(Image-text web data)
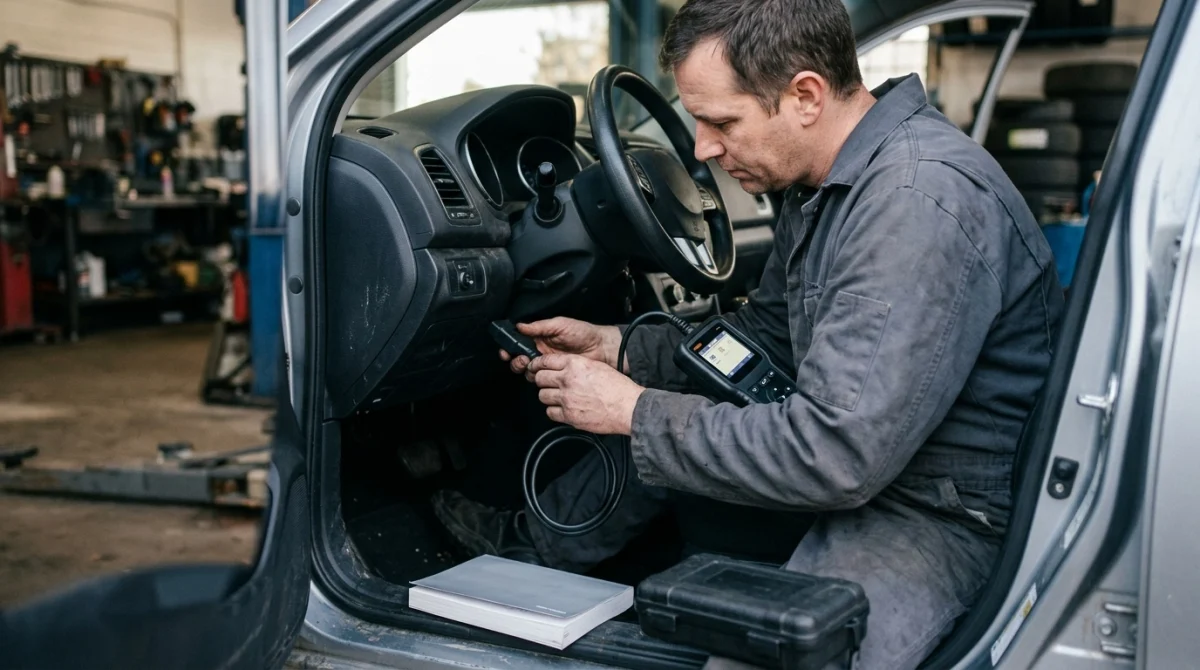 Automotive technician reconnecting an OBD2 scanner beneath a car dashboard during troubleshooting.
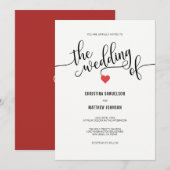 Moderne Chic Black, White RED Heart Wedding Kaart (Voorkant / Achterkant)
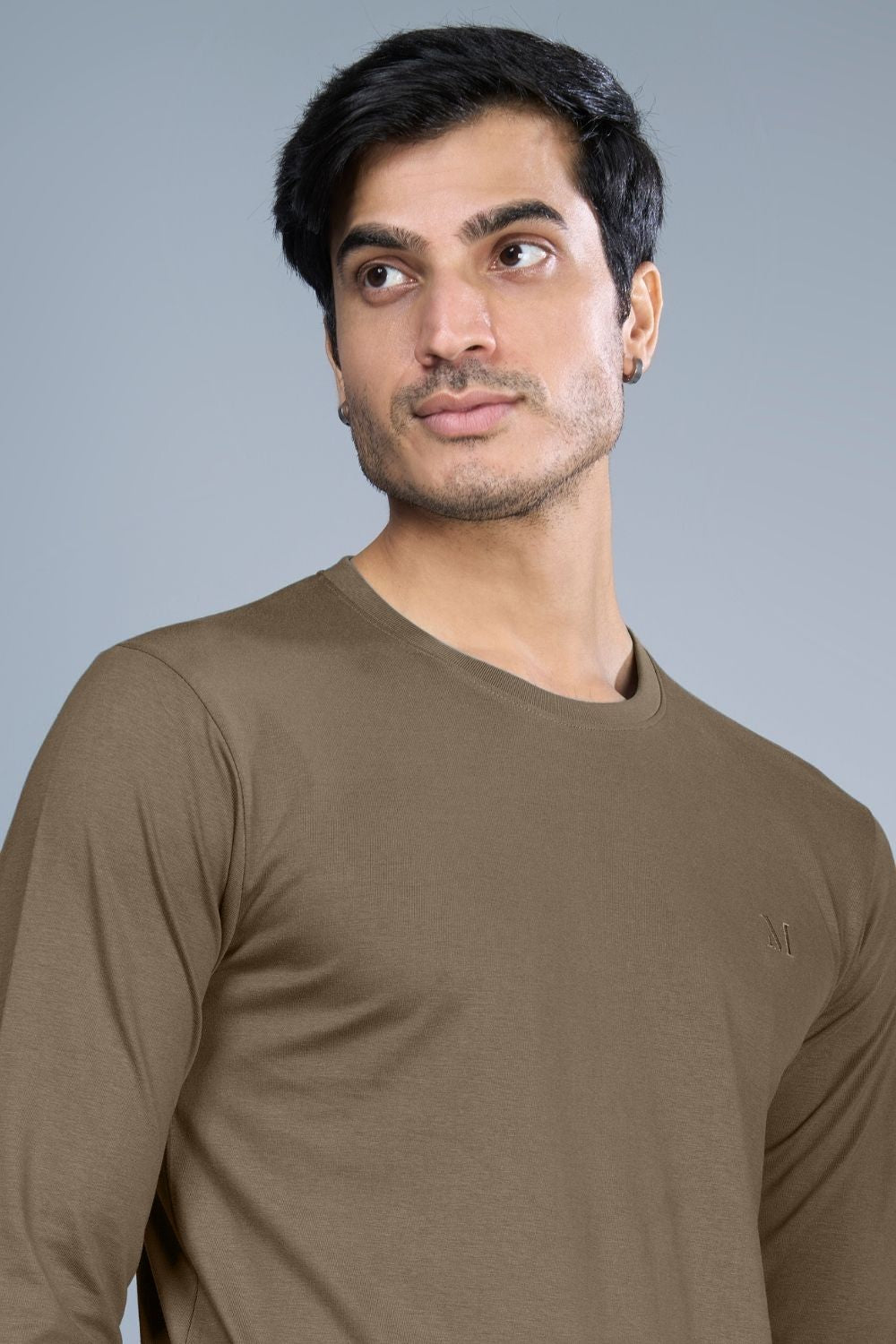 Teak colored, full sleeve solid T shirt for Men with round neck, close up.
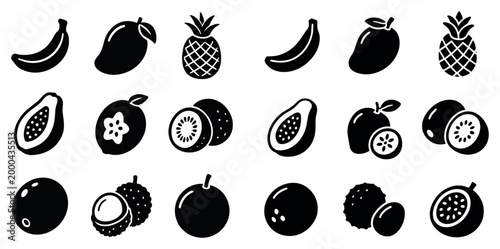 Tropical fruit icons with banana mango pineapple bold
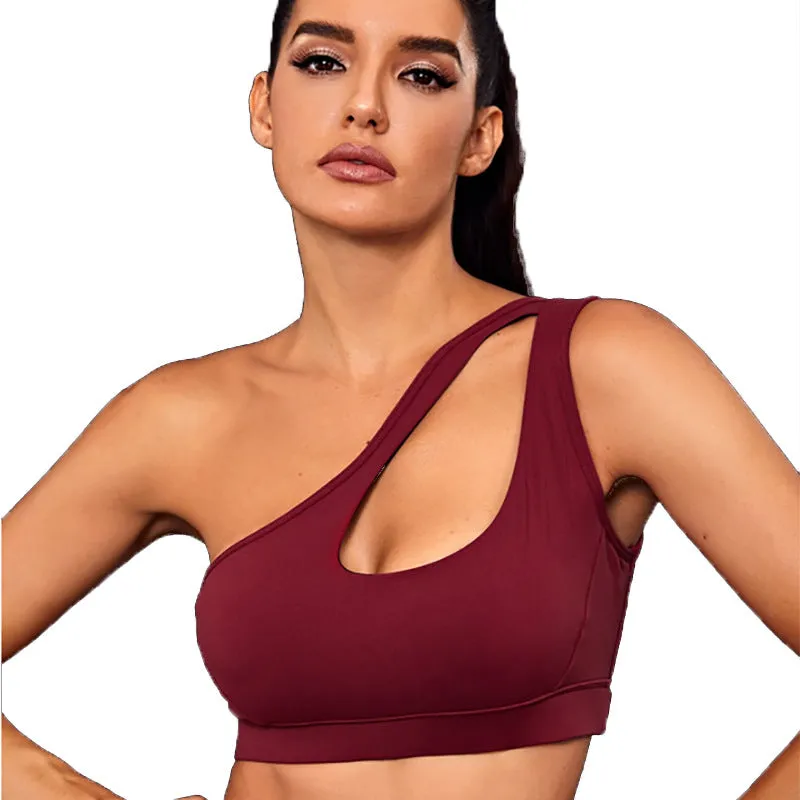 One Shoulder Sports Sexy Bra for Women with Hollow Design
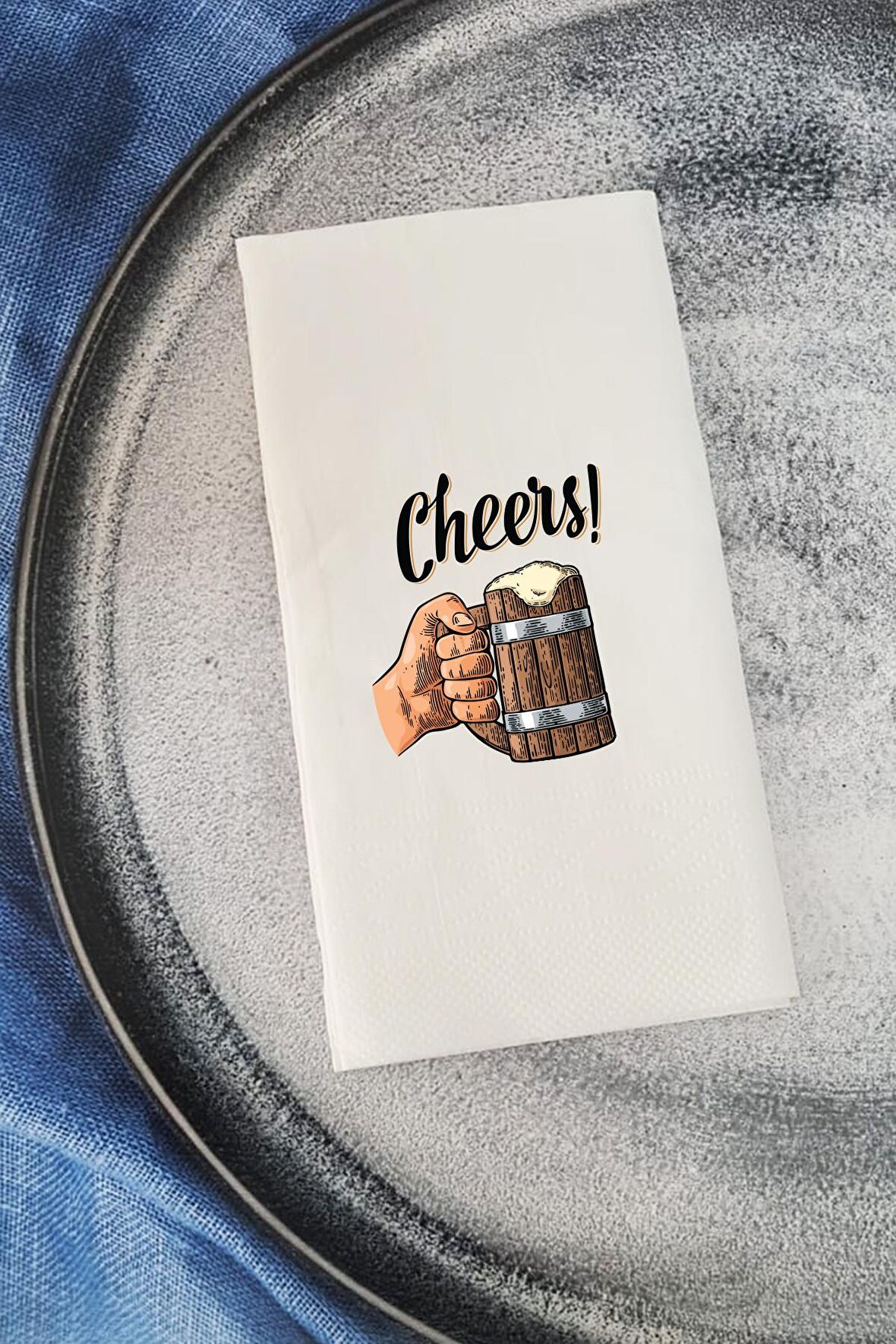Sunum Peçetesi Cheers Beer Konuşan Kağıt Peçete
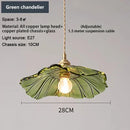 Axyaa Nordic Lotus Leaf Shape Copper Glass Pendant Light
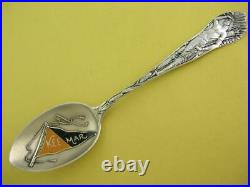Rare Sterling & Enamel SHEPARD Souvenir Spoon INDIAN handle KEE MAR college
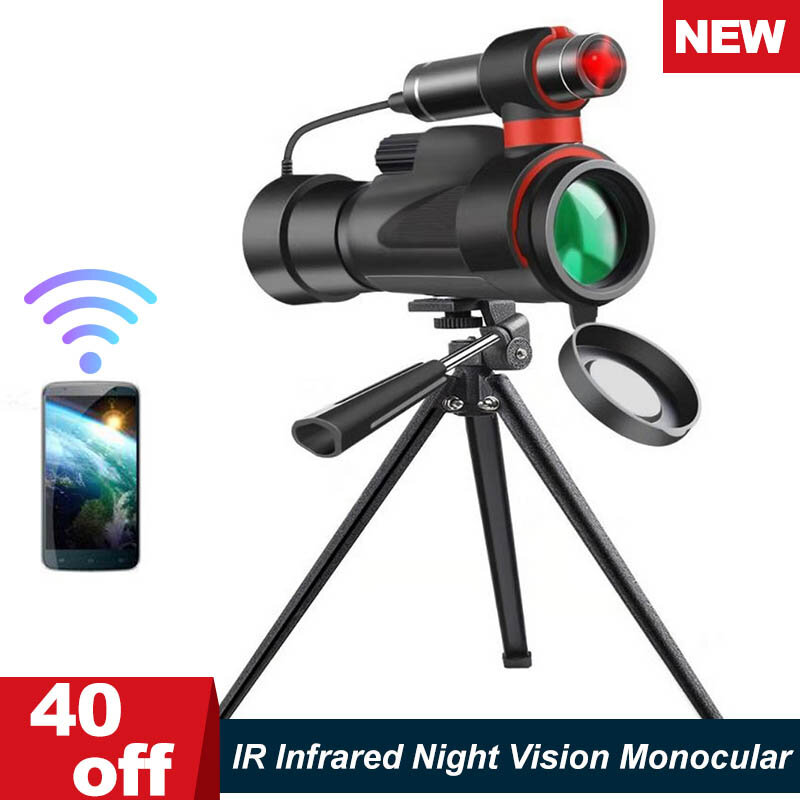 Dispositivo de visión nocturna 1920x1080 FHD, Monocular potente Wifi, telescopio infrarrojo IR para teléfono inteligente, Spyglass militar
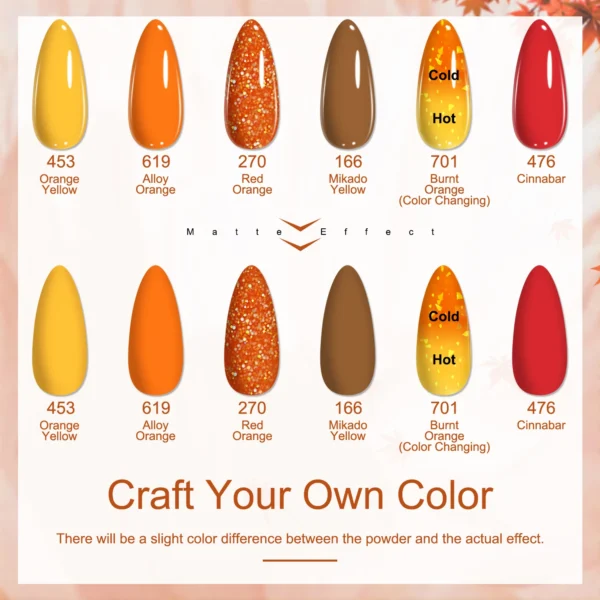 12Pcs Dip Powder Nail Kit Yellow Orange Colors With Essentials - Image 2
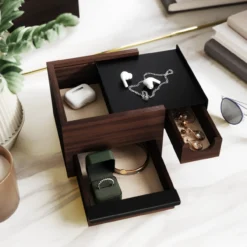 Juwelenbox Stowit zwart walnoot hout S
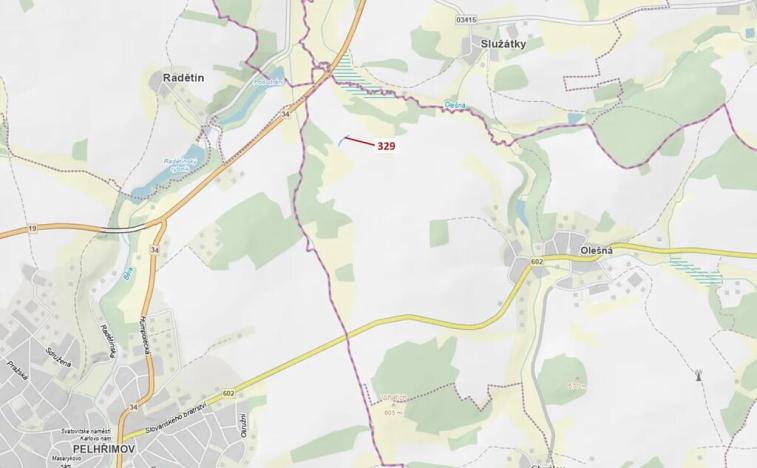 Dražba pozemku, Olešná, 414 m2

◆ What you are asked to do
Once you find the line containing "Moderne Chic Black, White", retype it and every line after it through the last line of the records above, exactly. Add nothing else, and leave out the pictures.

◆ Task output
 Moderne Chic Black, White RED Heart Wedding Kaart (Voorkant / Achterkant)
 Teak colored, full sleeve solid T shirt for Men with round neck, close up.
 Tropical fruit icons with banana mango pineapple bold
 One Shoulder Sports Sexy Bra for Women with Hollow Design
Sunum Peçetesi Cheers Beer Konuşan Kağıt Peçete
 Axyaa Nordic Lotus Leaf Shape Copper Glass Pendant Light
Rare Sterling & Enamel SHEPARD Souvenir Spoon INDIAN handle KEE MAR college
 Dispositivo de visión nocturna 1920x1080 FHD, Monocular potente Wifi, telescopio infrarrojo IR para teléfono inteligente, Spyglass militar
 12Pcs Dip Powder Nail Kit Yellow Orange Colors With Essentials - Image 2
 Juwelenbox Stowit zwart walnoot hout S
 Dražba pozemku, Olešná, 414 m2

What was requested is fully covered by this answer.